Roberts understood that these signals were learned associations -- as dependable as Pavlov's bell -- that once upon a time served humankind well. Today, however, at least in places with constant opportunities to eat, these signals can lead to a big, fat problem: rampant overeating.
So Roberts tried to game this Stone Age system. What if he could keep his thermostat low by sending fewer flavor signals? One obvious solution was a bland diet, but that didn't interest Roberts. (He is, in fact, a serious foodie.) After a great deal of experimenting, he discovered two agents capable of tricking the set-point system. A few tablespoons of unflavored oil (he used canola or extra light olive oil), swallowed a few times a day between mealtimes, gave his body some calories but didn't trip the signal to stock up on more. Several ounces of sugar water (he used granulated fructose, which has a lower glycemic index than table sugar) produced the same effect. (Sweetness does not seem to act as a "flavor" in the body's caloric-signaling system.)

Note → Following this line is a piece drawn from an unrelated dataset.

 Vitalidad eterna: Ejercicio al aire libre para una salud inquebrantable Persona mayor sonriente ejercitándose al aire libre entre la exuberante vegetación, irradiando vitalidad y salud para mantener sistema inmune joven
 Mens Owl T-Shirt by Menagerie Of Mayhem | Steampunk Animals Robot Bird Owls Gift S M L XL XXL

The results were astounding. Roberts lost 40 pounds and never gained it back. He could eat pretty much whenever and whatever he wanted, but he was far less hungry than he had ever been. Friends and colleagues tried his diet, usually with similar results. His regimen seems to satisfy a set of requirements that many commercial diets do not: it was easy, built on a scientific theory and, most important, it did not leave Roberts hungry.
In the academic community, Roberts's self-experimentation has found critics but also serious admirers. Among the latter are the esteemed psychologist Robert Rosenthal, who has praised Roberts for "approaching data in an exploratory spirit more than, or at least in addition to, a confirmatory spirit" and for seeing data analysis "as the opportunity to confront a surprise." Rosenthal went so far as to envision "a time in the future when 'self-experimenter' became a new part-time (or full-time) profession."
But will Seth Roberts's strange weight-control solution -- he calls it the Shangri-La Diet -- really work for the millions of people who need it? We may soon find out. With the Atkins diet company filing for bankruptcy, America is eager for its next diet craze. And a few spoonfuls of sugar may be just the kind of sacrifice that Americans can handle.